Um pesquisador francês Louis Necker nos traz um relato impressionante acerca do tema do poder entre os guaranis (Indios guranies y chamanes franciscanos: las primeras reducciones del Paraguay (1580-1800, Asunción 1990). Permito-me transcrever alguns tópicos ilustrativos de um outro tipo de exercício de poder.

“O chefe não tinha poder de coerção. Seus “súditos” aceitavam sua autoridade e sua preeminência só na medida das contraprestações que recebiam dele. O chefe dirigia os empreendimentos comunais…. Tinha um privilégio: a poligamia. Mas por sua vez tinha obrigações bem precisas cuja não execução podia significar-lhe o abandono de seus súditos: conduzir habilmente a política exterior do grupo, tomar decisões judiciosas em matéria econômica, repartir com justiça entre as famílias nucleares os lotes de terreno limpados em mutirão, manter a paz no grupo e muitas vezes ter qualidades de chamã, úteis ao grupo, como o poder de curar ou o controle das forças sobrenaturais. Era muito importante que o chefe fosse eloquente. E sobretudo devia ser generoso. Como o notou   Levi-Strauss, nos povos do tipo dos Guarani, “a generosidade é o atributo essencial do poder”. Para conservá-lo, o chefe devia sem cessar fazer presentes de bens, de serviços, de festas...

Na selva tropical, este tipo de obrigação pode ser tão pesada que o chefe se via obrigado a trabalhar muito mais que os outros e a renunciar quase a toda posse para si mesmo. É o papel do chefe… dar tudo o que se lhe pedissem: em algumas tribos se pode reconhecer sempre o chefe na pessoa que possui menos que os outros e leva os ornamentos mais miseráveis. O resto se lhe foi em presentes”.
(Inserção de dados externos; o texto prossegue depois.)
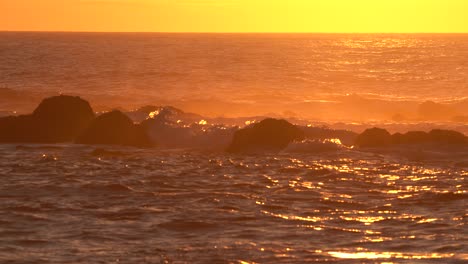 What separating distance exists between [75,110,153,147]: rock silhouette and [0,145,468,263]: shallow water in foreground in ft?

O Cristianismo não escolhe a cultura na qual vai se encarnar. Encarna-se naquela que encontra. Assim fez com a cultura do judaísmo da diáspora (judeus que viviam fora da Palestina), com o judaísmo palestinense, com a cultura grega da Ásia Menor e com a cultura imperial romana. Desta encarnação nos veio o atual cristianismo com suas positividades e limitações próprias desta cultura. Especialmente a Igreja romano-católica assumiu o estilo de poder, não pregado por Jesus, mas dos Imperadores, poder absoluto e carregado de símbolos que subsistiram nos Papas até o advento do Papa Francisco que se libertou deles, renunciando especialmente da famosa “mozetta”, aquela capinha nos ombros carregada de ouro e prata, símbolo maior do poder do imperador e a vida em palácios. O Papa Francisco seguiu os passos do poverello de Assis e foi morar onde vão se hospedar os bispos e padres que chegam a Roma.

Façamos um exercício de imaginação. Que tal se o cristianismo, ao invés de lançar raízes na cultura mediterrânea greco-latina e depois germânica, tivesse assumido a forma Guarani, nas vastas extensões amazônicas que dominavam, de exercício de poder?

Então encontraríamos os padres, paupérrimos, os bispos, miseráveis e o papa, um verdadeiro mendigo. Trabalhariam incansavelmente a serviço dos fiéis. Sua marca registrada seria a generosidade sem limites.

E dariam um testemunho espontâneo e profundamente inspirador do sonho de Jesus. Ele pediu semelhante exercício do poder, como puro serviço: “Sabeis que entre as nações quem tem poder manda e os grandes dominam sobre elas; assim não há de ser entre vós; ao contrário, se alguém de vós quiser ser grande, seja vosso servidor; pois o Filho do Homem não veio para ser servido, mas para servir” (Mc 10, 42 ss).

Que esse ensinamento seja permanente auto-crítica a todo poder, também daquele ecclesiástico, mas principalmente seja inspirador de uma forma não dominadora do poder.

 

Leonardo Boff é articulista do JBon line, teólogo e escreveu Igreja: carisma e poder, Vozes 1982.